## EXCERPTED RECORDS
------
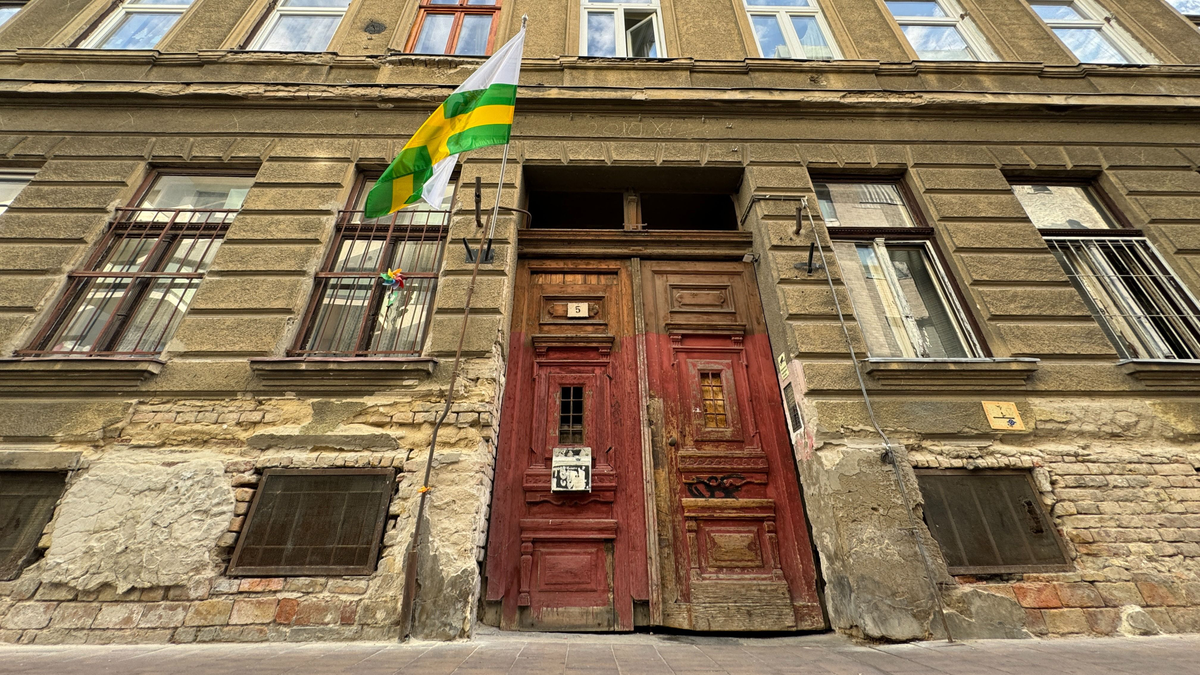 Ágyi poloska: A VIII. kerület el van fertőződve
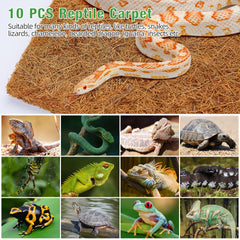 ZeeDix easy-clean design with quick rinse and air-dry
------
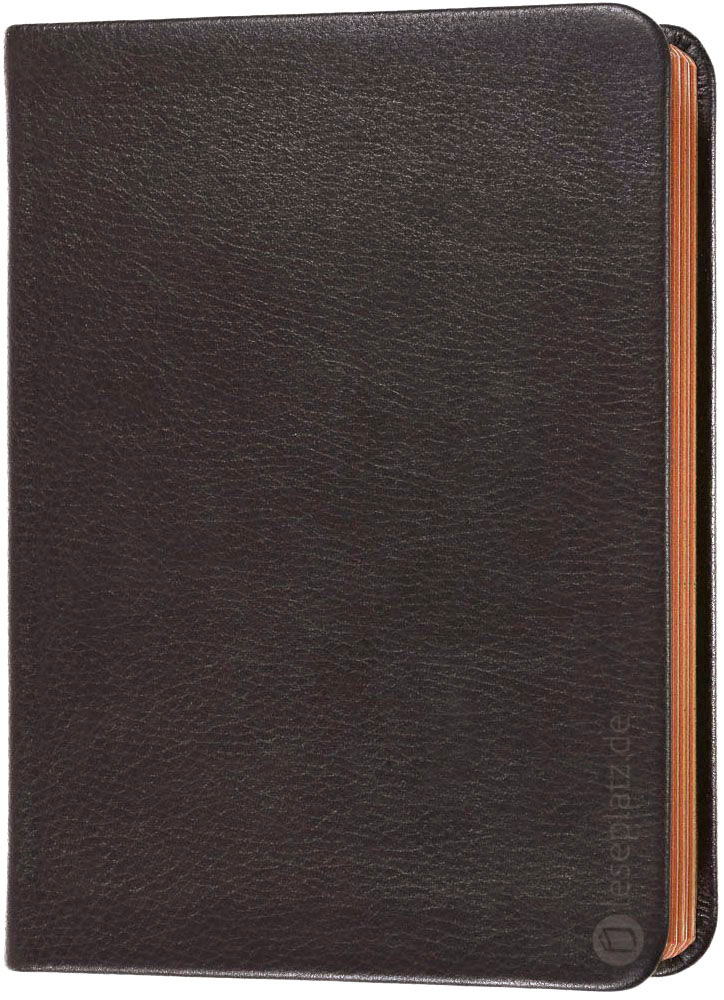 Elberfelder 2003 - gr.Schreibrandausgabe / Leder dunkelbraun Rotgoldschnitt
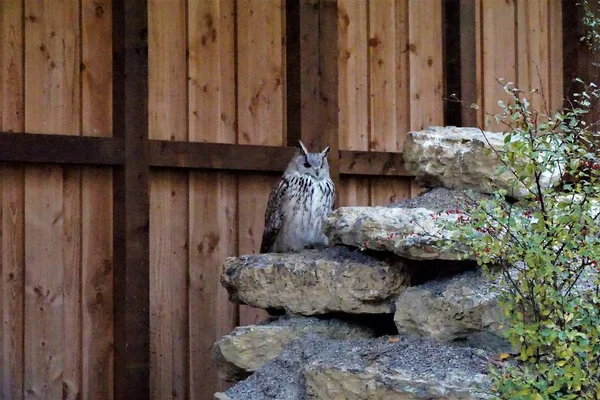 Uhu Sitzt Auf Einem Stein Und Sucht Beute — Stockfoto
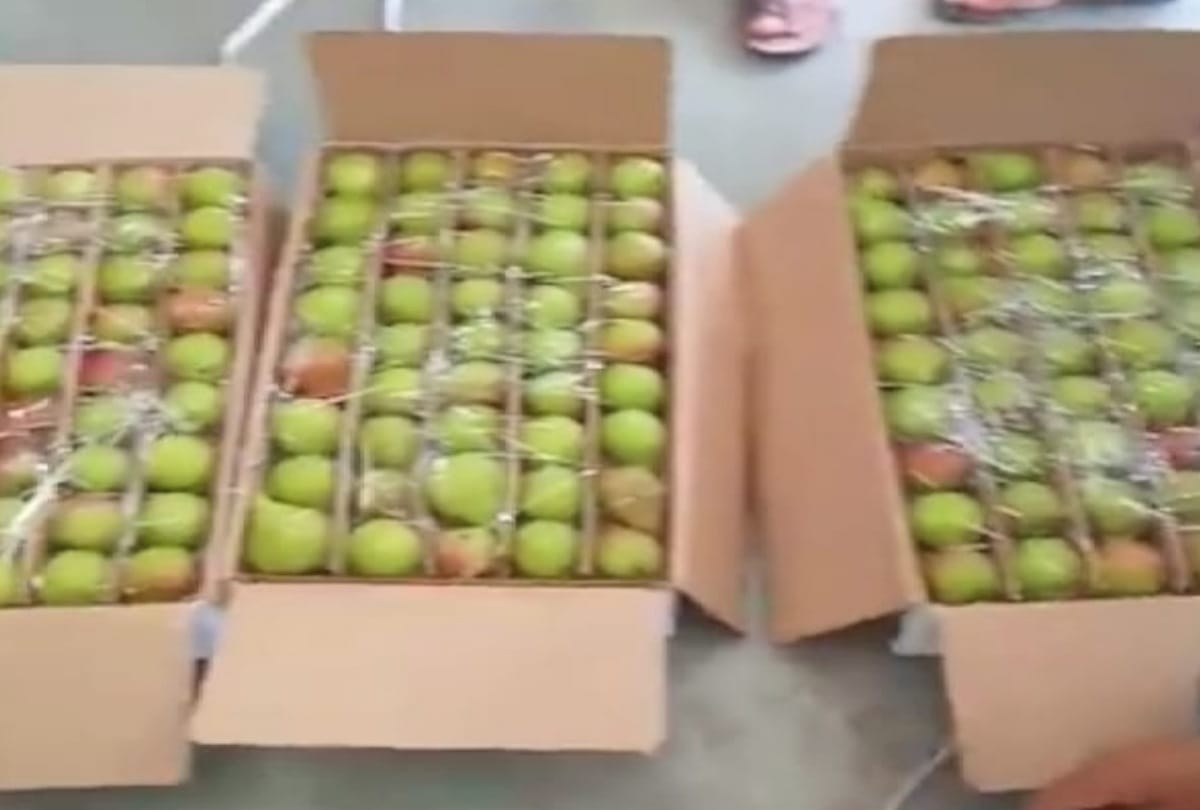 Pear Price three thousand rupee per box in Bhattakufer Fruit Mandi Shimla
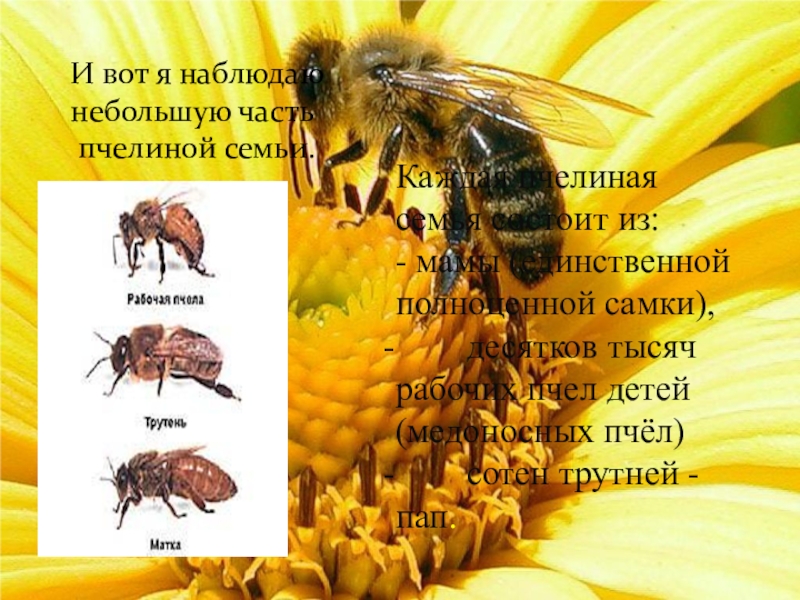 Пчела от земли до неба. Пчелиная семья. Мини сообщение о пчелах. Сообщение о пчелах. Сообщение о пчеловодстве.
------
## PROBLEM TO SOLVE
Out of the records above, please copy exactly the lines from the line with "Ágyi poloska: A" up to and including the line with "ZeeDix easy-clean design", minus the pictures.

## COMPLETED TASK
 Ágyi poloska: A VIII. kerület el van fertőződve
 ZeeDix easy-clean design with quick rinse and air-dry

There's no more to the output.